Photographing Circus performances at Wise Fool
One of the things I didn’t mention in my roundup of the three years’ of photography since my previous post was some of the photo work I’ve done for Wise Fool New Mexico. They are an awesome group of circus performers who use teaching and performing circus arts to be a great force for good in the Santa Fe community and beyond.
My daughter Miss F’s been attending their summer camps for years, learning trapeze, stilt-walking and unicycling as well as less tangible but even more important things such as confidence, bravery and collaboration. After 2 weeks of camp where the kids also learn acrobatics, clowning and puppetry, they put on a performance for parents and friends.
I started photographing Miss F’s shows as in interested parent, but after I shared the images with the folks at Wise Fool, they asked me to photograph some of the other camps too. And I’m happy to volunteer my time to them, not just because the shows are great fun to shoot, but because I support their work and mission wholeheartedly.
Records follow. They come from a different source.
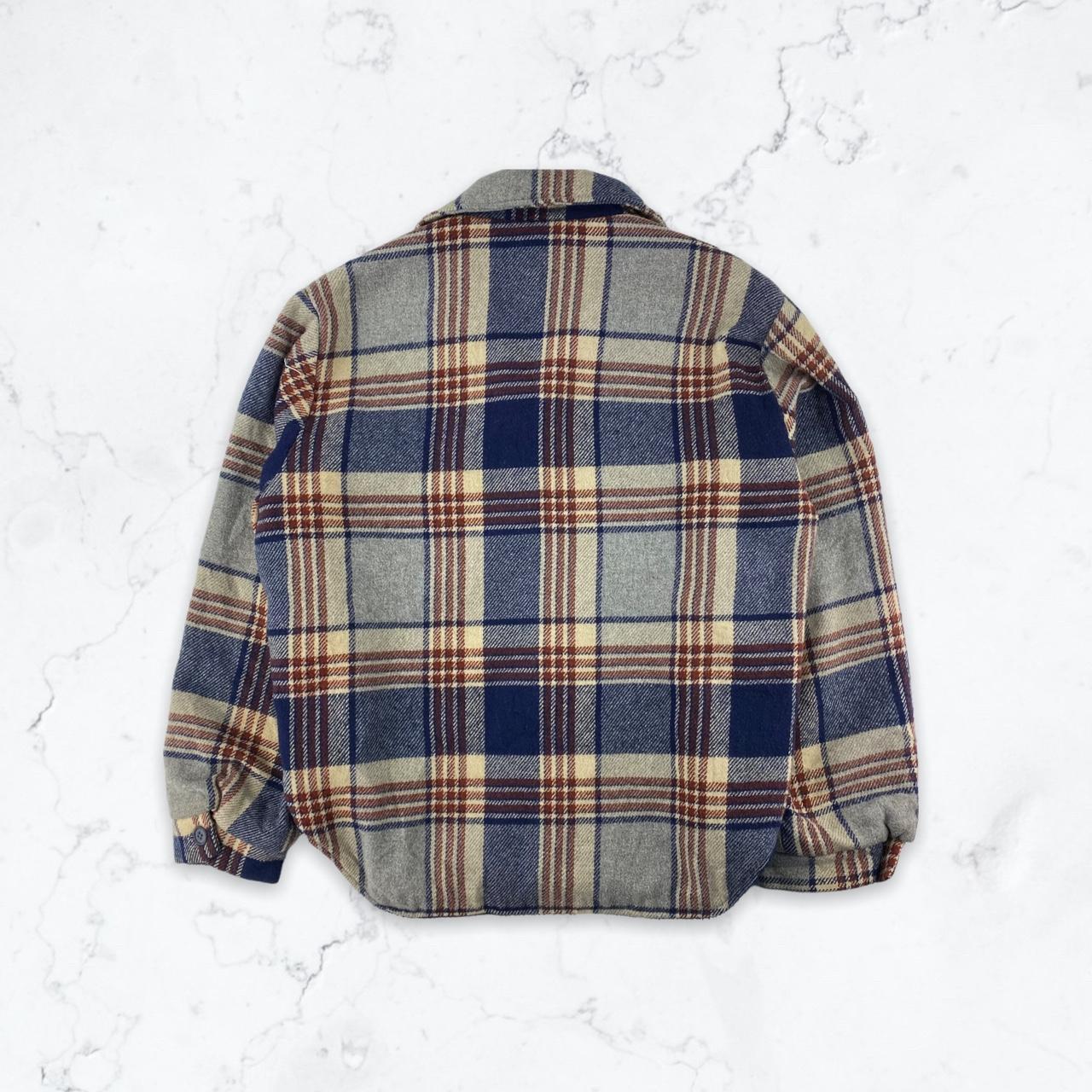 80’s Heavy Flannel Jacket. Vintage 80’s JCPenney... Depop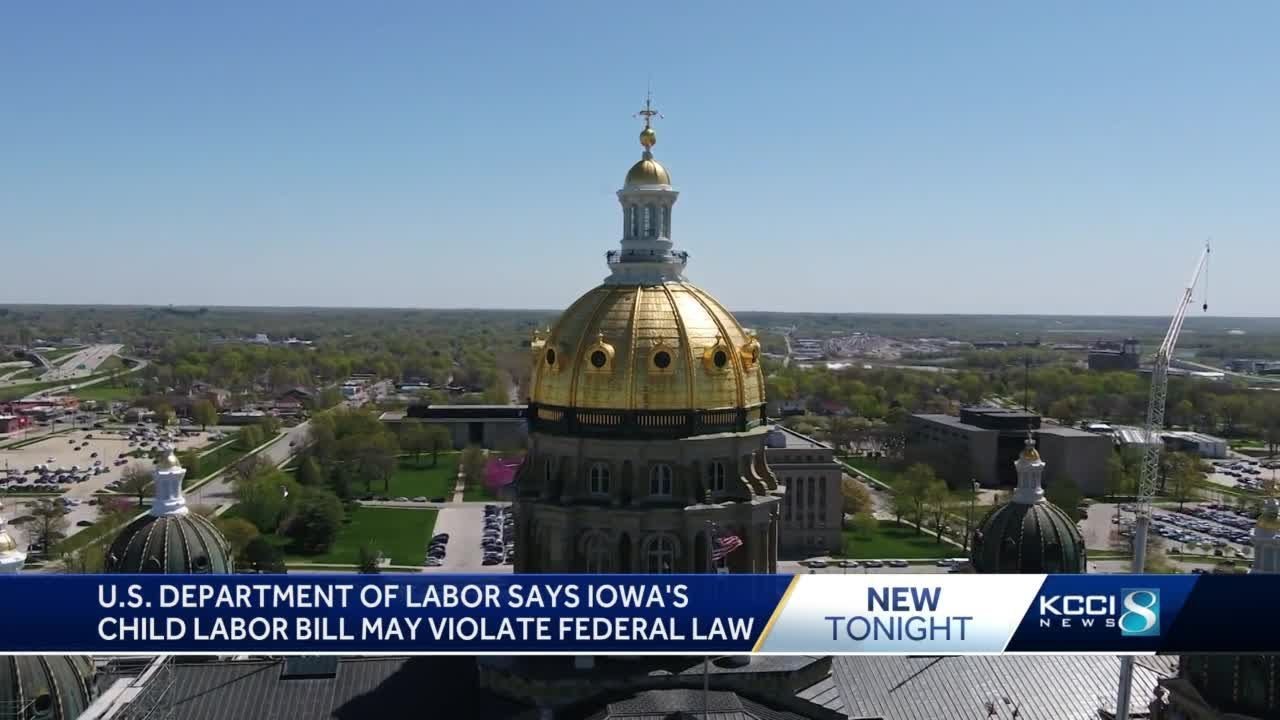 U.S. Department of Labor says Iowa’s child labor bill may violate federal law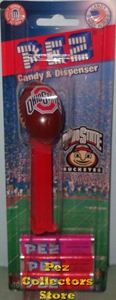 Ohio State Solid logo Football Pez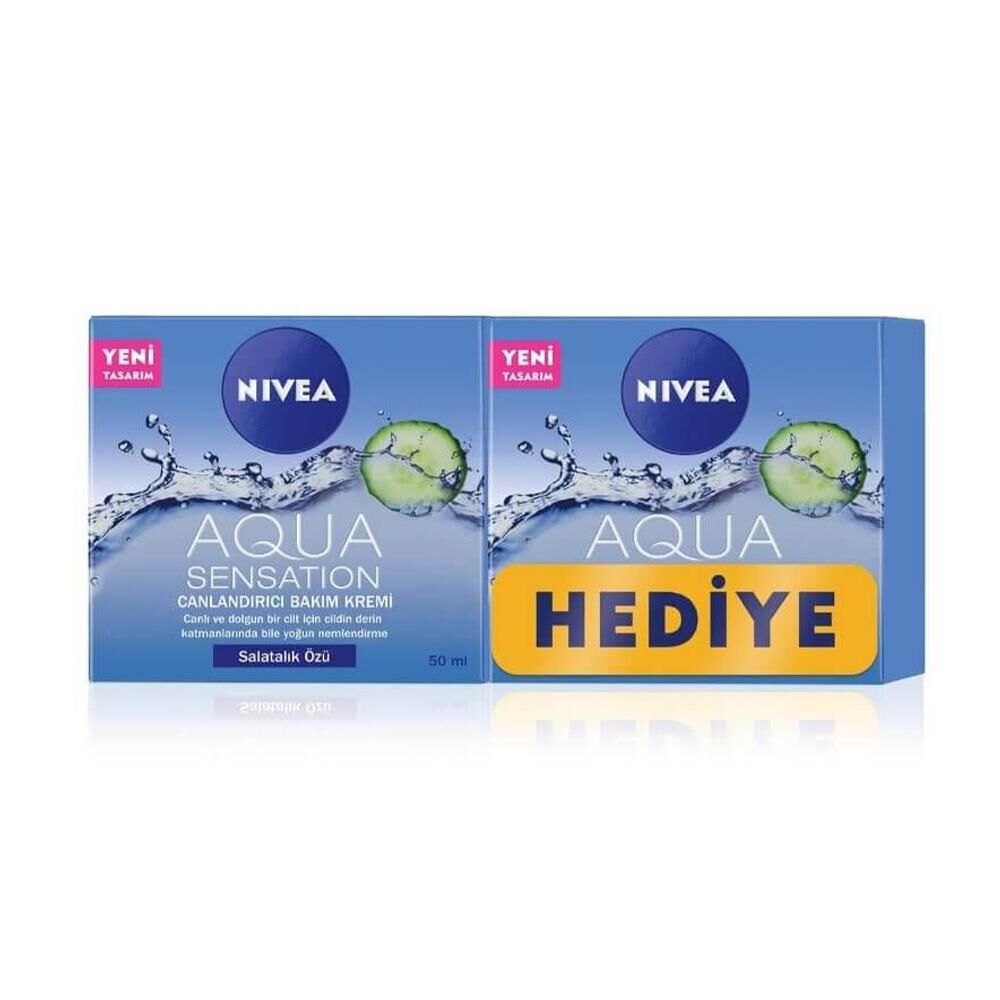 Nivea Aqua Sensation Salatalık Özlü Canlandırıcı Bakım Kremi x 2 Adet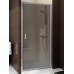 Dušas Durvis Bldp2,110cm,Balts/Caurspīdīgs Stikls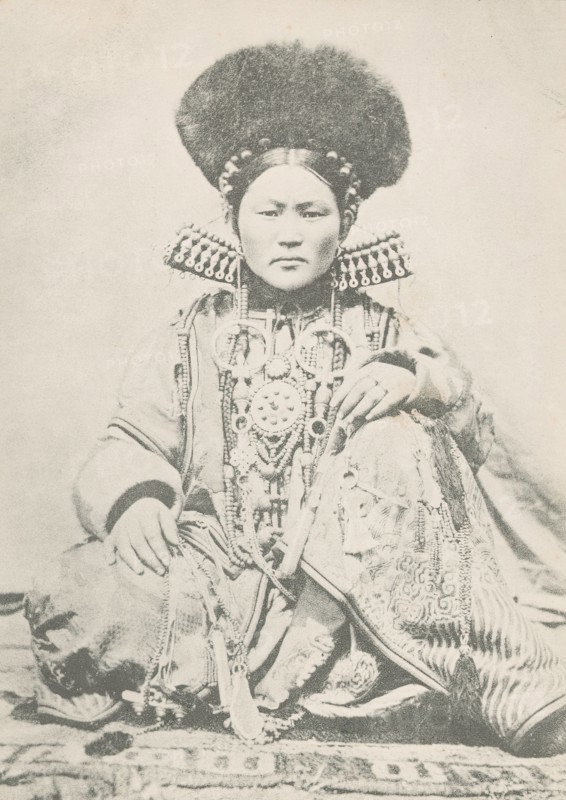 A Buriat Woman Sitting in the Honorable Pose, 1904-1917. Creator: Unknown.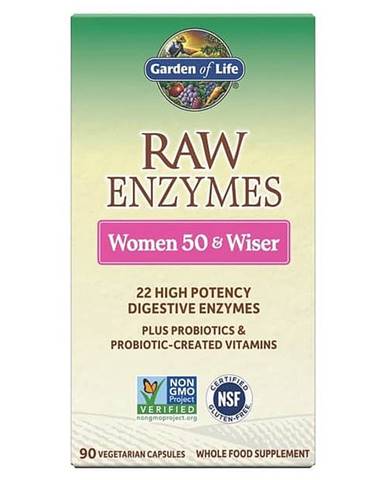 RAW Enzymy Women 50 & Wiser - pro ženy po padesátce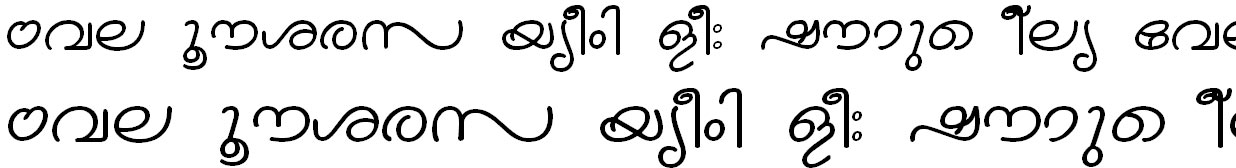FML-TT-Nandini Malayalam Font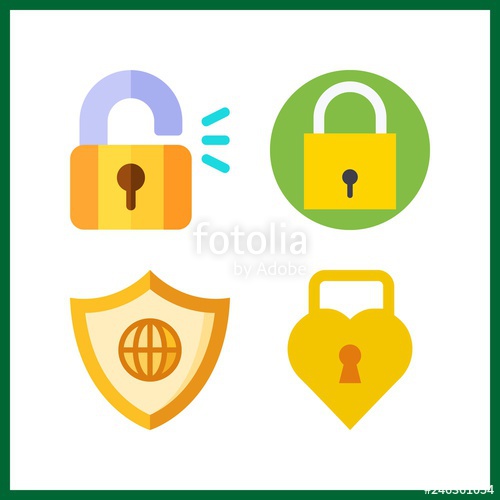 Cyber Icon Vector Illustration Cyber Set Shield And Padlock 500x500 Cyber Icon Vector Illustration Cyber Set Shield And Padlock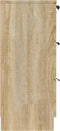 vidaXL - Dressoir - 60x30x70 - cm - bewerkt - hout - sonoma - eikenkleurig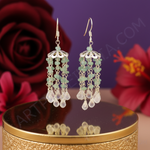 Load image into Gallery viewer, 925 Silver Gemstone Dangle Earrings for Women | Daily Wear
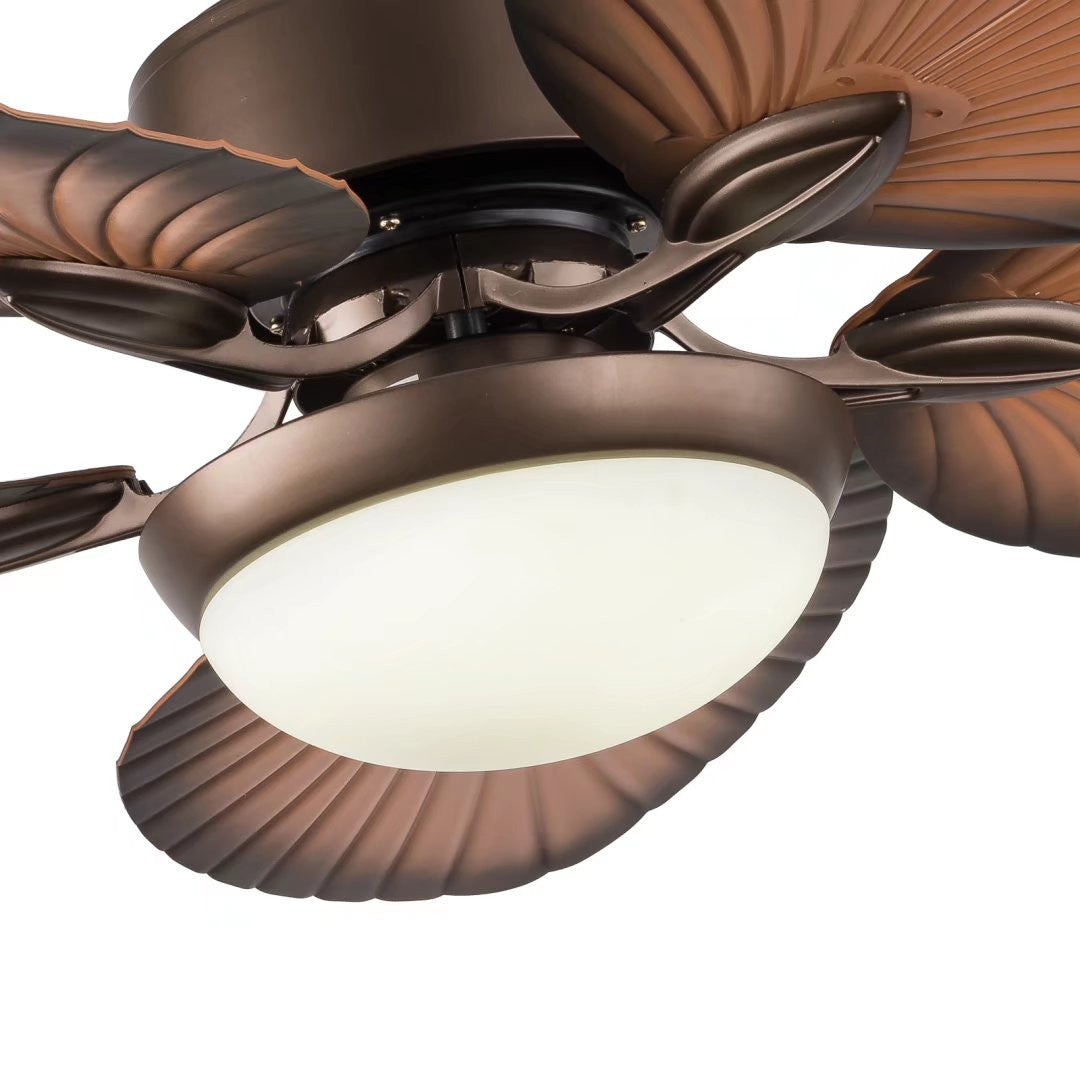 Classy Metal Ceiling Fan And LED Lamp By Homeroots | Ceiling Lamps | Modishstore - 5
To see the great strides the children make as they help each other face their fears and overcome challenges to create these amazing performances is so impressive.
Wise Fool runs programs to offer access to its empowering classes to teens and children who might not otherwise be able to take advantage of them, and one of the performances I photographed was for the TeenBUST program for middle school girls.
Wise Fool share the images I produce with the parents of the participants and also use them for their website and busy social media accounts. I’m delighted to be able to help them out – and to have the privilege of photographing these amazing events.
(Quick technical note – most of these images are made with the Fuji XT-1 and either the 56mm f/1.2 lens for the individual shots or close-ups, or the 23mm f/1.4 for the wider images. The performance space is pretty dark (as it should be), so I tend to be shooting close to wide-open to give me fast enough shutter speed to freeze the action. The good news is I tend to get to sit literally right in front of the performers, so I get uninterrupted views and don’t need a big telephoto lens. For the aerial skills like trapeze or fabric, one key thing is to anticipate the culmination of the skill the kids are doing.
There’s normally one moment they’ve been aiming for, where the final arm movement comes up, or the head is lifted – the pose that gets the audience cheering. The trouble can be when there are two or three performers on stage at once you have to keep trying to work out who’s going to be ready next, and switch from one to the other. The clowning photos are fun too – it can look a lot like chaos with kids chasing around everywhere, but when they form instant groups, interacting with one performer with exaggerated facial expressions, that’s the shot to get.)